What's the best place to meet your spouse? Online. The worst place? The bar.
At least, that's what a new University of Chicago study commissioned by online dating website eHarmony would like you to believe.
The research, published Monday in the Proceedings of the National Academy of Sciences, shows that that approximately one-third of 19,131 American couples who married between 2005 - 2012 met their spouse online. And while this research was based on U.S. data, there is no reason to believe the trend is significantly different in Canada.
"We found evidence for a dramatic shift since the advent of the Internet in how people are meeting their spouse," lead author and psychology professor, John Cacioppo from the University of Chicago, tells Agence France-Presse.
The researchers found that marriage breakups were reported in about 6 per cent of the people who met online, compared with 7.6 per cent of the people who met offline. This was noted to be a statistically significant difference.
They also discovered that marriages for people who met online reported a mean score of 5.64 for relationship satisfaction, compared with a score of 5.48 for people who met offline.

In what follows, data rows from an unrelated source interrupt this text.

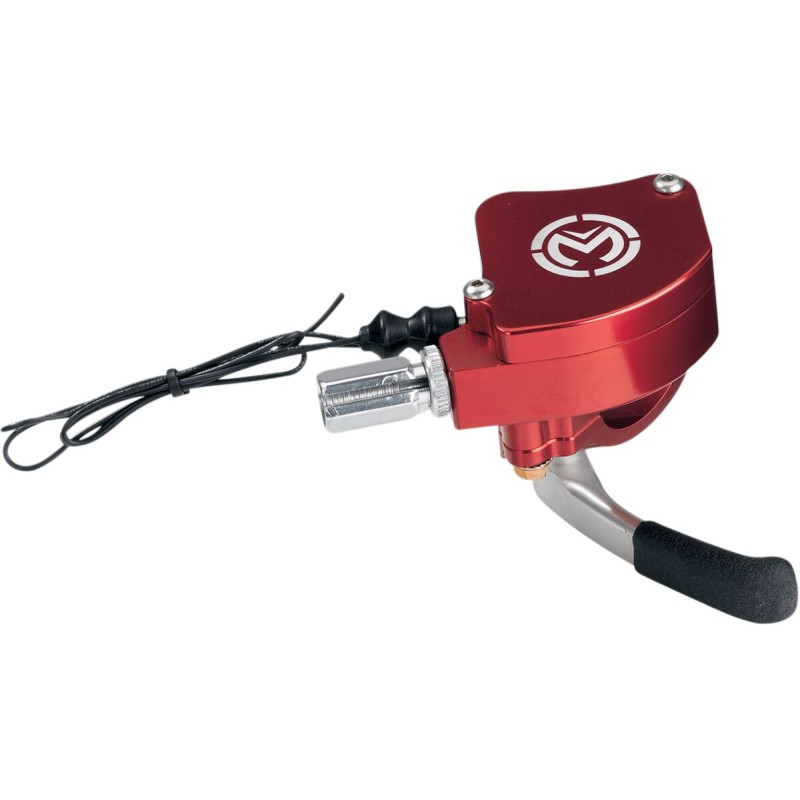 Puño de gas Easy-Pull Moose Racing rojo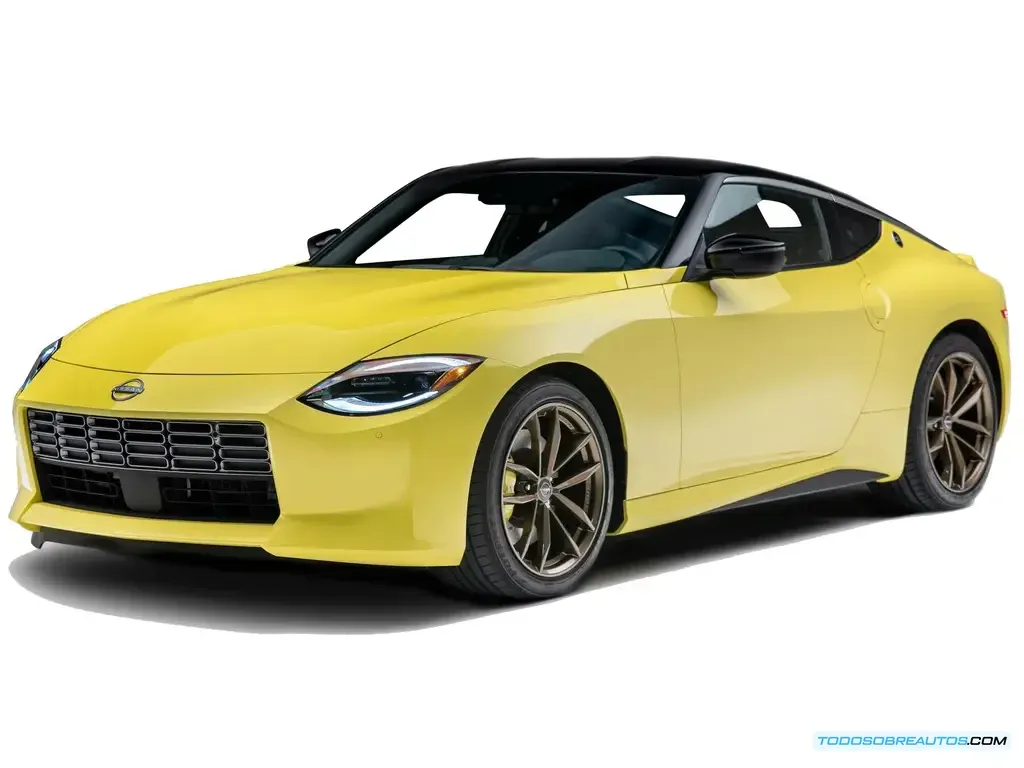 Nissan Z Heritage Edition 2026, vista lateral completa.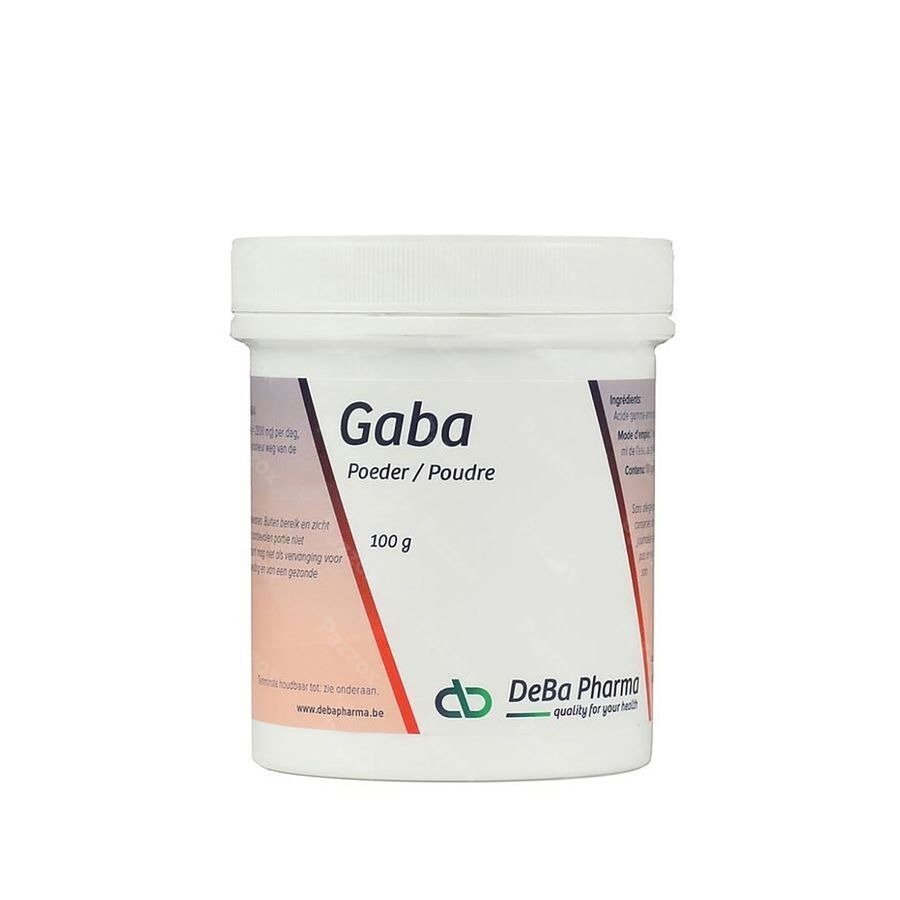 Gaba Poudre 100g Deba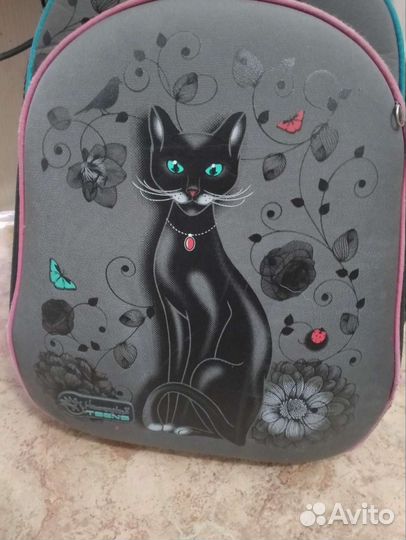 Рюкзак школьный ортопедический hummingbird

The difference remained statistically significant even after controlling for variables like year of marriage, sex, age, education, ethnicity, household income, religion and employment status.
People who met online were more likely to be older (between 30 to 39) and have a higher income. The group was diverse racially and ethnically.
Among the least successful marriages were those in which people met at bars, through blind dates and in virtual online worlds where people communicate through avatars.